--- TASK OBJECTIVE ---
Extract the whole listing as it stands. Do not include the pictures.

--- DATASET CONTENT ---
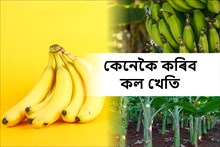 কল খেতি আৰু ইয়াৰ পৰিচৰ্যা-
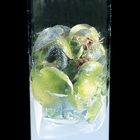 Murashige African Violet/Gloxinia Plant Tissue Culture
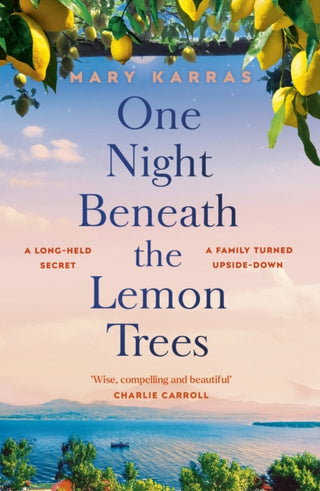 Cover image for 9781529345629 - One Night Beneath the Lemon Trees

--- WRITTEN SOLUTION ---
 কল খেতি আৰু ইয়াৰ পৰিচৰ্যা-
 Murashige African Violet/Gloxinia Plant Tissue Culture
 Cover image for 9781529345629 - One Night Beneath the Lemon Trees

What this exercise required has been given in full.